(Records contained in a dataset)
[Start of section]

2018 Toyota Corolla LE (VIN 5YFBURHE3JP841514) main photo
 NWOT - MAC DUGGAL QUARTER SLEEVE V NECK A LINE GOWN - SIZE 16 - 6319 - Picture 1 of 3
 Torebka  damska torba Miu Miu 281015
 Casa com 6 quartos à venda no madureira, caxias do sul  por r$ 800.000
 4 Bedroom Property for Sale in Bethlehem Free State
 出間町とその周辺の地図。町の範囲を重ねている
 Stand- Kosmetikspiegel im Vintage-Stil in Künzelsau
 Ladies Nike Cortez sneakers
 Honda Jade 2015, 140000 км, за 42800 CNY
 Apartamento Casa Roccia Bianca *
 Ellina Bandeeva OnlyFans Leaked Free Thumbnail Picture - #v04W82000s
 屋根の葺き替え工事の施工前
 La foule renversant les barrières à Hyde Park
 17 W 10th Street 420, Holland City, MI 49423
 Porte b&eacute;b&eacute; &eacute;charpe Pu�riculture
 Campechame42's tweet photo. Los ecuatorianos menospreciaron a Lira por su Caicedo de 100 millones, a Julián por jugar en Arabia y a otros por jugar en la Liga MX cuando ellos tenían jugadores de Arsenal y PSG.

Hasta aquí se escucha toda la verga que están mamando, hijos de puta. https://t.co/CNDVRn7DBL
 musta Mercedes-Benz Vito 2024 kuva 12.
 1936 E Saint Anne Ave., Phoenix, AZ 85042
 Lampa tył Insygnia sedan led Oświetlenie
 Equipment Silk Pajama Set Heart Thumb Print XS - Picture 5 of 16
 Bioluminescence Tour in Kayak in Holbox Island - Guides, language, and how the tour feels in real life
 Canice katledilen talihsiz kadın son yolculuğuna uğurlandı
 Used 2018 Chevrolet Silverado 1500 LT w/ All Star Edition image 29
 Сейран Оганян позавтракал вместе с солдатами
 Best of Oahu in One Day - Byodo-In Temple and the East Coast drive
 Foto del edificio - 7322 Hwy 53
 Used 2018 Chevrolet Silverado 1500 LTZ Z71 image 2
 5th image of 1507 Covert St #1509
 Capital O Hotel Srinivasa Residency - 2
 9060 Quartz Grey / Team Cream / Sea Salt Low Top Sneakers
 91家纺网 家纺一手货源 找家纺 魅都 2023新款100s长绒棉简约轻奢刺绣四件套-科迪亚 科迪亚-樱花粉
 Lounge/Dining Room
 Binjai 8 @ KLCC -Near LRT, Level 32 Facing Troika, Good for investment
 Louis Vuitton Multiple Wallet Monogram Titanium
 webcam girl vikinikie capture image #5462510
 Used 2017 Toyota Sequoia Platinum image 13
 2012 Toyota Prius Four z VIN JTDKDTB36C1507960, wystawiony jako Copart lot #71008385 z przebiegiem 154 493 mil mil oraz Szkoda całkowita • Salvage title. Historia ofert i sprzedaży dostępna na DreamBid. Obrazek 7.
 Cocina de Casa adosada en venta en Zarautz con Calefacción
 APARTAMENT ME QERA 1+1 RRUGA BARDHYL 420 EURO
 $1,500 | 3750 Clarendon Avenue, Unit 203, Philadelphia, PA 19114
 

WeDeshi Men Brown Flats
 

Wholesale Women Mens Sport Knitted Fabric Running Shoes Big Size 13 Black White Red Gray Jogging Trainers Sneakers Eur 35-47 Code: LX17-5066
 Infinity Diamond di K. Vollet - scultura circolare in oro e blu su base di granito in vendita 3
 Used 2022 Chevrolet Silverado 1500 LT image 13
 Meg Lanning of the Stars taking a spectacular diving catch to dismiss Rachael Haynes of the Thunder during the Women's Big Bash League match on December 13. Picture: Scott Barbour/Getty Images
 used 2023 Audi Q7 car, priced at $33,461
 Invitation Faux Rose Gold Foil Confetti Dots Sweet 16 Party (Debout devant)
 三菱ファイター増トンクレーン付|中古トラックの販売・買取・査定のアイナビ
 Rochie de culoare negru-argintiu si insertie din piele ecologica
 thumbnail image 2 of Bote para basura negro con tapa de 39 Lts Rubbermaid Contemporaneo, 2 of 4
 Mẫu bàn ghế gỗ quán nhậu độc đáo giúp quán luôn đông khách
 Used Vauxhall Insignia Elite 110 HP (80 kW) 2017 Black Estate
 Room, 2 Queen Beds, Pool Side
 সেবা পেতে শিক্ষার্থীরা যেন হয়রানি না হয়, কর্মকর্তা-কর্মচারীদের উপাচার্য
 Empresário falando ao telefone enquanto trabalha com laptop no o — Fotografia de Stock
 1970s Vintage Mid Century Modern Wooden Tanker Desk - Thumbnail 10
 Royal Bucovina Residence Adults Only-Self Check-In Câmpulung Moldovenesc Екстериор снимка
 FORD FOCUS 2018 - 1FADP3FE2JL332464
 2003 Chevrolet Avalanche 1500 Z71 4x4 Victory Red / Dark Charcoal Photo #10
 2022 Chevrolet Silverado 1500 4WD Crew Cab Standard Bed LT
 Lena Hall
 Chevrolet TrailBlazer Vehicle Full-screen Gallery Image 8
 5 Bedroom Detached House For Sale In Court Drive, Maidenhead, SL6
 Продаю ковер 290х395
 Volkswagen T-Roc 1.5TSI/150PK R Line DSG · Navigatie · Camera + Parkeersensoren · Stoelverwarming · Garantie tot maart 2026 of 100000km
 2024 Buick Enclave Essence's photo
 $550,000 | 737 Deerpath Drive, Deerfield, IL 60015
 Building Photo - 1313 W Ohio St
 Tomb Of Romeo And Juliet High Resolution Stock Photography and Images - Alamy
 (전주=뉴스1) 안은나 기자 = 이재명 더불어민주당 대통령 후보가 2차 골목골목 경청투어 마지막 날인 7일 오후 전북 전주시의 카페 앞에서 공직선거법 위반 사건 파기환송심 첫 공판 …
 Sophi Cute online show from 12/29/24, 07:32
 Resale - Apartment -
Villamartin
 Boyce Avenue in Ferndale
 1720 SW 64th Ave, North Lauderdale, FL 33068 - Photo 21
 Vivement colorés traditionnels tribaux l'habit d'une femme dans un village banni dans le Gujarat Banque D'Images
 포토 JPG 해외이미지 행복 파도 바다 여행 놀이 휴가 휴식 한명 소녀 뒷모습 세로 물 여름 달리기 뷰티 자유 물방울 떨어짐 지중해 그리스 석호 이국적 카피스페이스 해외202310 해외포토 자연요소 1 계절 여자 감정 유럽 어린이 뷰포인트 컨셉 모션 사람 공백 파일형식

[End of section]

→ What you will do: Using the data above, reproduce exactly the lines from the line that contains "Сейран Оганян позавтракал вместе с солдатами" through the line that contains "Louis Vuitton Multiple", including both.

→ Result of the task:
 Сейран Оганян позавтракал вместе с солдатами
 Best of Oahu in One Day - Byodo-In Temple and the East Coast drive
 Foto del edificio - 7322 Hwy 53
 Used 2018 Chevrolet Silverado 1500 LTZ Z71 image 2
 5th image of 1507 Covert St #1509
 Capital O Hotel Srinivasa Residency - 2
 9060 Quartz Grey / Team Cream / Sea Salt Low Top Sneakers
 91家纺网 家纺一手货源 找家纺 魅都 2023新款100s长绒棉简约轻奢刺绣四件套-科迪亚 科迪亚-樱花粉
 Lounge/Dining Room
 Binjai 8 @ KLCC -Near LRT, Level 32 Facing Troika, Good for investment
 Louis Vuitton Multiple Wallet Monogram Titanium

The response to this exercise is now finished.